Sleep Apnea can kill so get a solution that works.

Do I follow this correctly?

Comparing stereo digital to mono analogue, right? 

Interesting comparison. 

Some old vinyl is just that... poor mastering, poor recording process, and worse, too many pressings per... I have a few direct disks that stun me regularly with their presence, detail, and sheer impact. 
My secondary-favs are some digital recordings (there were a few great ones) that were then sent to vinyl with love and care. 
I want a better streamer/DAC also, but how I listen to that source is vastly different than vinyl. 
Just to clarify a bit, I would to some degree regret selling my table and phono amp. Additionally, I'm not comparing mono analogue to stereo digital, rather I'm saying that the quality of my digital front end is so good, that I might not miss playing vinyl all that much.

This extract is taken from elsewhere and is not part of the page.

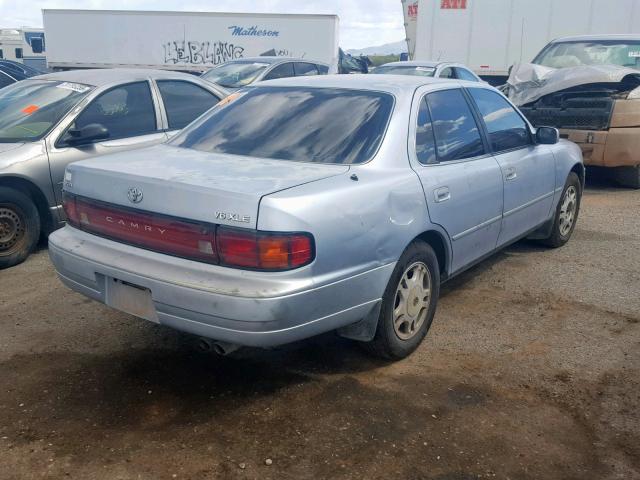 JT2GK13EXR0041389 - 1994 TOYOTA CAMRY XLE BLUE photo 4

I am limited based on the quality of tonearm, cartridge, etc... If I had the flagship ASR phono stage, a six thousand dollar table and a three thousand dollar cartridge, the competition between digital and analogue would be tighter. Would I prefer to have something versus not having something; that answer to that would likely always be yes.
chakster,
"There are records that goes for £1000+ each!"

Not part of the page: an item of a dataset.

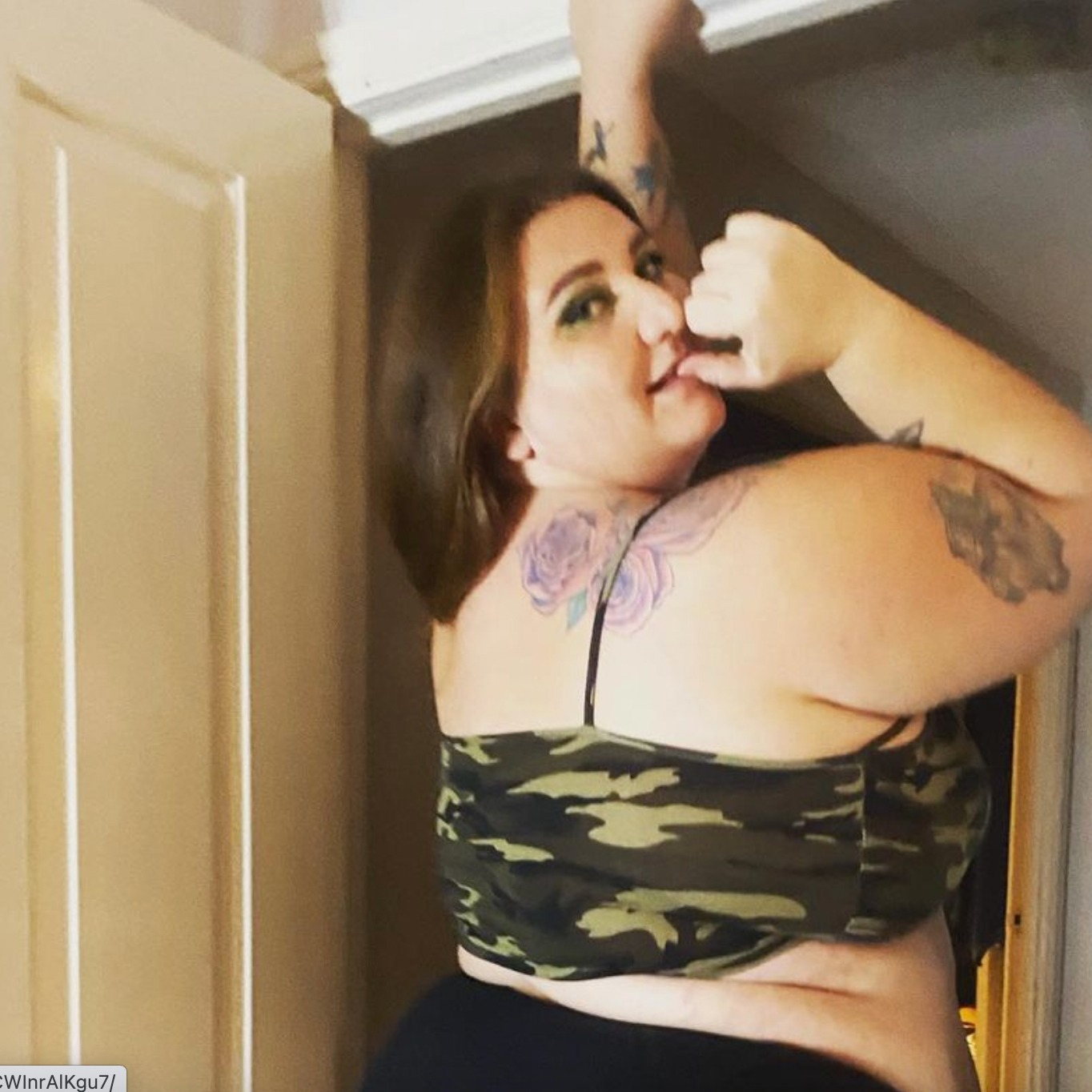 Elle gagne sa vie en vendant des vidéos delle coincée dans des portes  (Vidéo) - FORUM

I took that into account. That would be 1000 records for a million, assuming each record is priced that high. Over 15 years, it is one record sold every six days, or so. So a bit more than one a week. That would certainly make it for less demanding work with packing and shipping. If that were a case, that warehouse for 1000 records would not be that large. Slightly larger closet, if even that much. Maybe "warecloset" instead of "warehouse".

Of course, if a person bought real warehouse full of records, let’s say 100 000 of them to sift through and look for those that could be sold for £1000 each, it would make sense, but it would bring us back to a lots of work.

Assuming that a person works from Monday to Friday for those 15 years, she/he would have to check about 25 records a day. For a work day of 8 hours, slighly more than 3 records an hour. Slightly less than 20 minutes per record.

During that time, a person can pick those expensive ones and sell them, assuming they sell as soon as they are found in the warehouse. Packing and mailing them will take some tome away from checking what is in those 100 000 records so it will have to be more than 3 per hour checked.

Still, it does not seem to be that great of a business plan as records bought must have cost some money, too. Not to go into storage space, advertising, etc. And, of course, in my example no millionaire paid any tax anywhere. For that, to become a millionaire, a person has to increase all the above numbers by whatever tax rate is.